### [TASK BRIEF]
Check each line of the material below for "Shirt", then copy the ones that contain it.

---------- DATA PROVIDED ----------

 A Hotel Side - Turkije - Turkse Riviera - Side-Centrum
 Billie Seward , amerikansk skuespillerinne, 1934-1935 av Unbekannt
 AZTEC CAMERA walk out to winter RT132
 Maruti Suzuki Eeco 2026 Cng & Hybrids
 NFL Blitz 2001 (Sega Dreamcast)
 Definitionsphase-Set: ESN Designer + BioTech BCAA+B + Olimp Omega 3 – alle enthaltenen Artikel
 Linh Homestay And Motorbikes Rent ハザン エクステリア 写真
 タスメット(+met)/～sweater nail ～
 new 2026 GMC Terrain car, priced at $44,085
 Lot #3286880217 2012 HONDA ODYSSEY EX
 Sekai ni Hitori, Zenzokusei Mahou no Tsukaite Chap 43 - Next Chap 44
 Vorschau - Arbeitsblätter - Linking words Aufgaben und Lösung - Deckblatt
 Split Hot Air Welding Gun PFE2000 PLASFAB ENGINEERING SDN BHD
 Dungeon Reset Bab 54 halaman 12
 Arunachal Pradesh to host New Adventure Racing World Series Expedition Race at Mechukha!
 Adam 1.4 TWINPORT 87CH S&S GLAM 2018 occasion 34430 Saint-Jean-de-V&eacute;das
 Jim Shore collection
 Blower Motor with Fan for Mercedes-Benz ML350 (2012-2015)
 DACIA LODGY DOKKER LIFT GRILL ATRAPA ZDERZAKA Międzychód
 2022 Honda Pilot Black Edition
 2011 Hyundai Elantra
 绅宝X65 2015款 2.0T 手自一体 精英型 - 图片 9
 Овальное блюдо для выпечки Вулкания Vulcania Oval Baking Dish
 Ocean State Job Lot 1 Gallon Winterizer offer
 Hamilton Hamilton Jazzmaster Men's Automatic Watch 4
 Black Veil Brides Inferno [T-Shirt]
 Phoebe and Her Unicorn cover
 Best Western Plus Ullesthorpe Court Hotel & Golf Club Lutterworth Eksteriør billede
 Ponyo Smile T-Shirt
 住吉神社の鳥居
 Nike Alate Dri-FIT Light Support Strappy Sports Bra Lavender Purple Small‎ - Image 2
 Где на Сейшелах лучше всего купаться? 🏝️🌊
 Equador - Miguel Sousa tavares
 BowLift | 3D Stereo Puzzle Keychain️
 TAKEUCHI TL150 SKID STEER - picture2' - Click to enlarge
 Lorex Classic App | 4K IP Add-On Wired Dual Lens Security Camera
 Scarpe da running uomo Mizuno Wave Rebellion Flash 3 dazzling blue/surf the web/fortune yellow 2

----------

### [YOUR SOLUTION]
 Black Veil Brides Inferno [T-Shirt]
 Ponyo Smile T-Shirt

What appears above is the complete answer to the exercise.